# Task to complete:
Copy the final lines exactly, starting at the one that contains "卒業おめでとう。花モダン柄 ミディアムペーパーバッグ" and ending with the last line of the listing below. Pictures are not part of the copy.

# Data section:

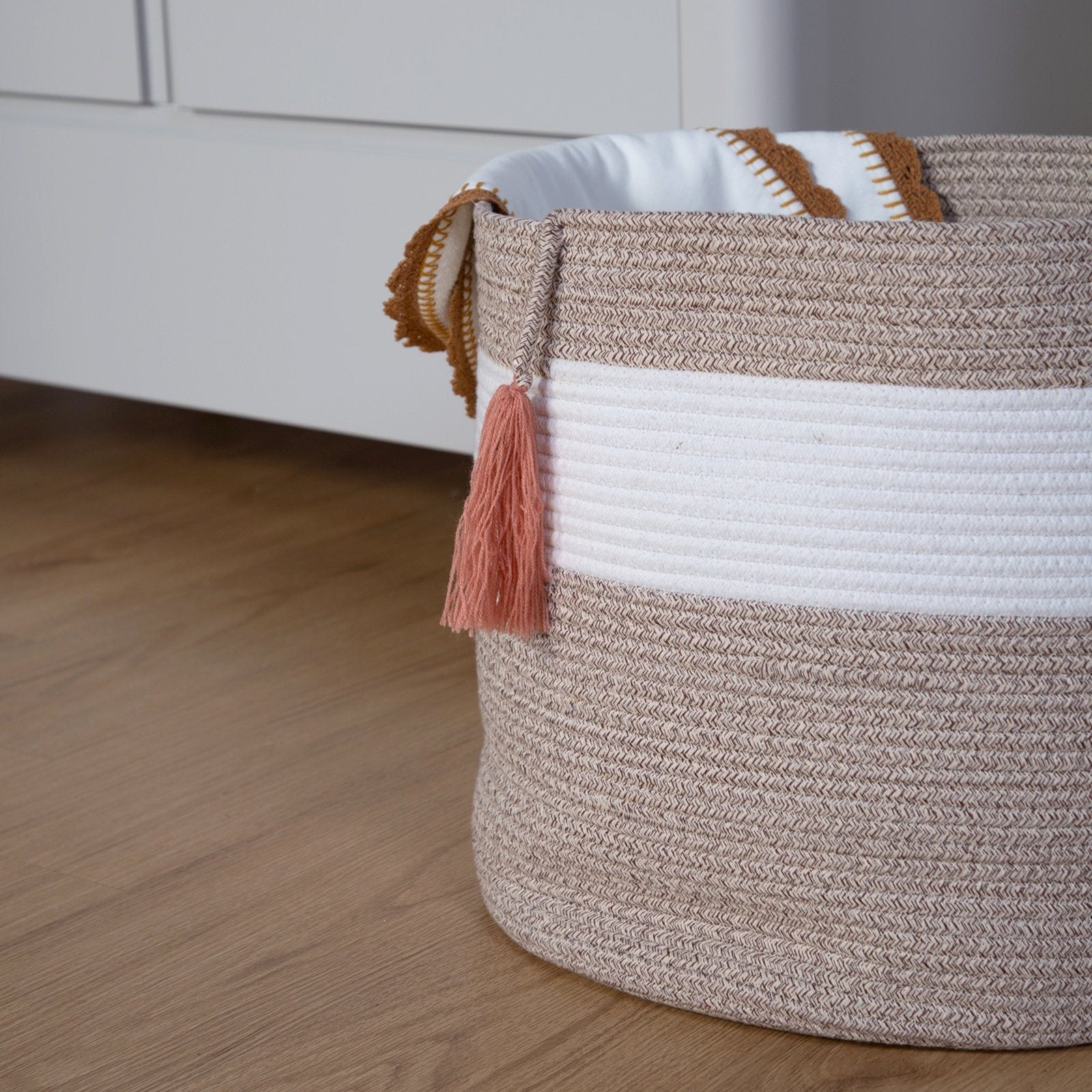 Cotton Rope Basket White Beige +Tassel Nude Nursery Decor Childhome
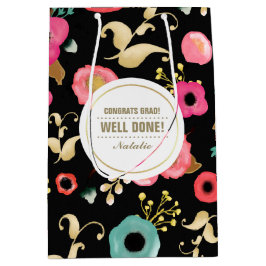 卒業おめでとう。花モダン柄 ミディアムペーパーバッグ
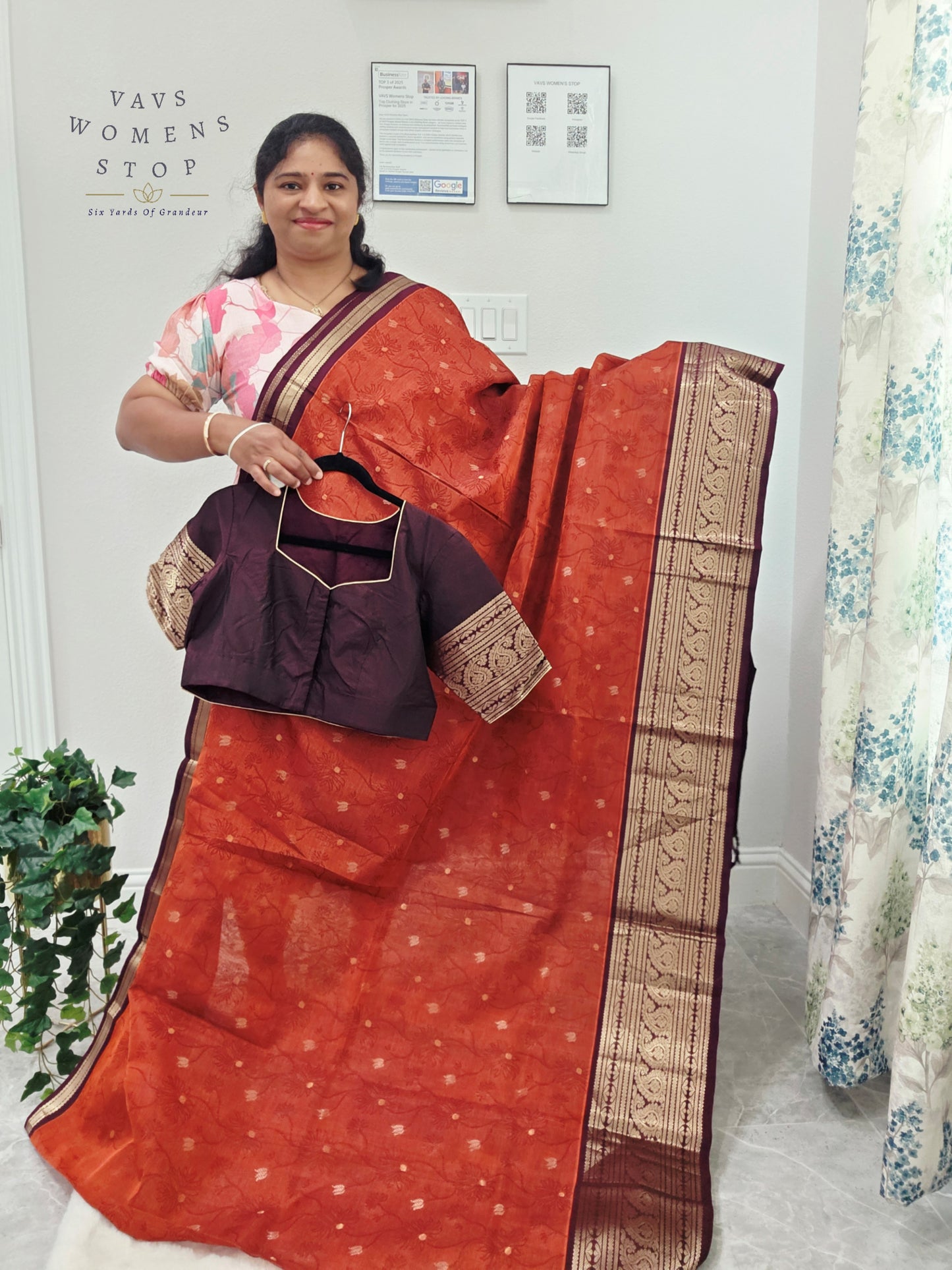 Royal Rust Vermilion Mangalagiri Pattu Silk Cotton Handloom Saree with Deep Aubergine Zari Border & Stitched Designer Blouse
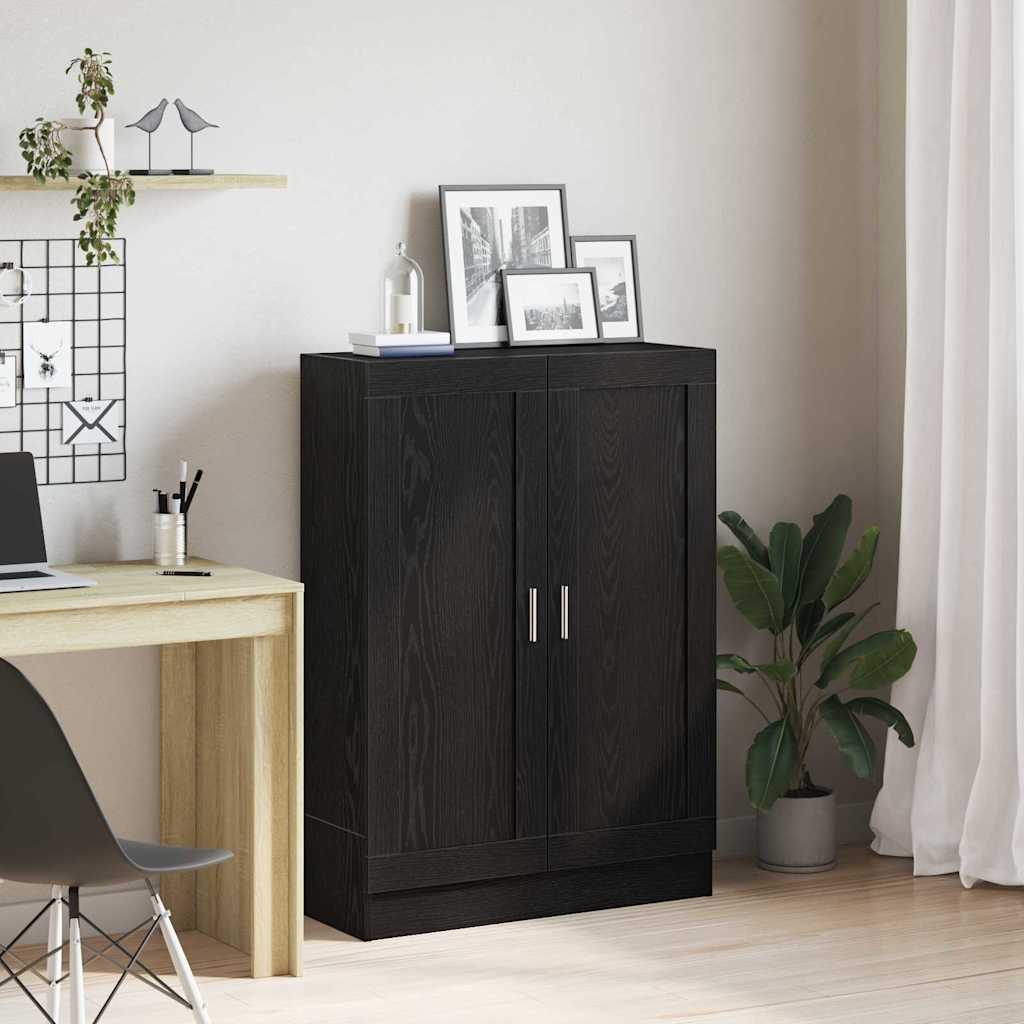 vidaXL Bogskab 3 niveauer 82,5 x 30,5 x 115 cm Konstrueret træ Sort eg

# Result of the exercise:
 卒業おめでとう。花モダン柄 ミディアムペーパーバッグ
 Royal Rust Vermilion Mangalagiri Pattu Silk Cotton Handloom Saree with Deep Aubergine Zari Border & Stitched Designer Blouse
 vidaXL Bogskab 3 niveauer 82,5 x 30,5 x 115 cm Konstrueret træ Sort eg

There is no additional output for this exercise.